Langfuse is a reasonable self-hosted alternative if your team is already invested in ClickHouse, but it covers tracing and prompt management only; the stack tends to grow as you add LiteLLM and separate evaluation tools. LangSmith provides the deepest LangChain/LangGraph integration, though it is proprietary and pricing scales with volume. Braintrust suits fast prototyping with non-technical stakeholders, but it is a proprietary SaaS with no self-hosting option.

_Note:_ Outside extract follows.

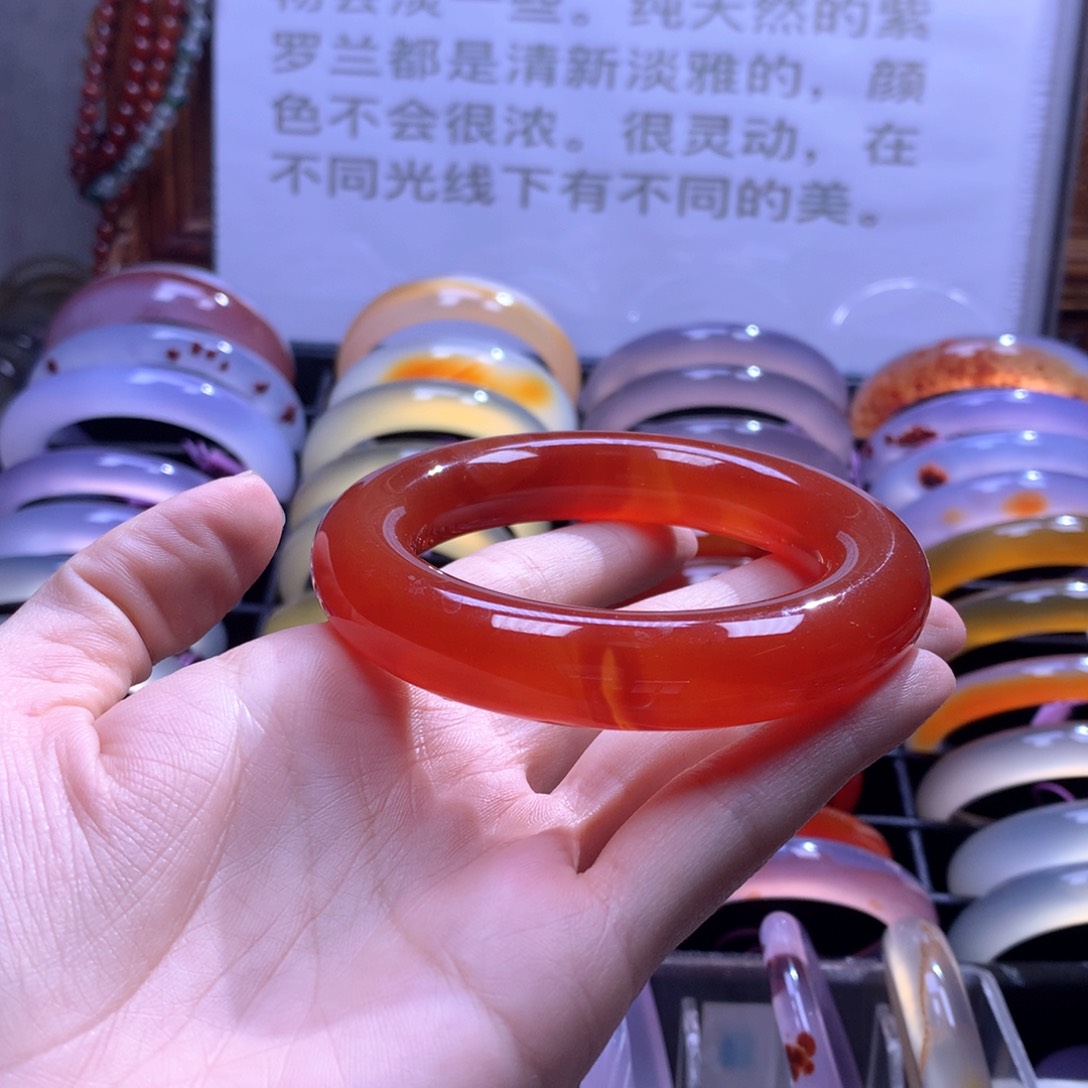 【闪购商品】玛瑙/玉髓手镯未镶嵌悠*?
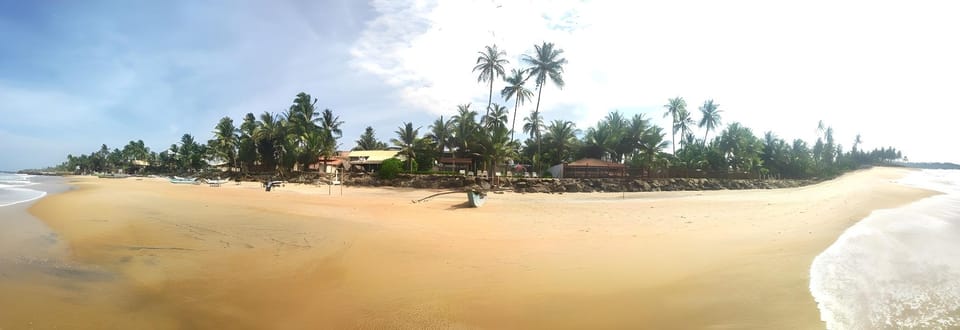 Ocean Breez Villa Resort in Southern Province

Agent observability is end-to-end visibility into every step an AI agent takes in production: LLM calls, tool invocations, retrieval steps, planning decisions, and the cascading effects between them. Unlike traditional APM that monitors latency and errors, agent observability tracks output quality, faithfulness, safety, and behavioral drift. Learn more on the AI Observability page.
Traces are among the most valuable data an AI team generates. Open source ensures you own that data, can self-host on your own infrastructure, avoid vendor lock-in, and maintain full transparency into how your observability stack works. Learn more on the AI Platform page.
OpenTelemetry is an open source project that provides a vendor-neutral standard for collecting, processing, and exporting telemetry data. It is widely used across observability tools, and choosing OpenTelemetry-compatible platforms helps keep your trace data portable. Learn more on the OpenTelemetry website.
There are other important concepts in LLMOps, such as prompt management, cost control, and governance. See the full guide on the LLMOps page.
Adoption is usually quick, especially with a tool like MLflow that is designed to be easy to use and self-host. For example, to instrument an application built with the OpenAI Agents SDK, you just need to add a single `mlflow.openai.autolog()` call to your application code. This is why most teams start with observability as a first step in their LLMOps journey.
Traditional APM focuses on monitoring application performance and health, including latency, errors, and throughput. Agent observability focuses on agent behavior, including output quality, tool usage, and planning decisions. It gives you a more complete view of how the agent behaves in production.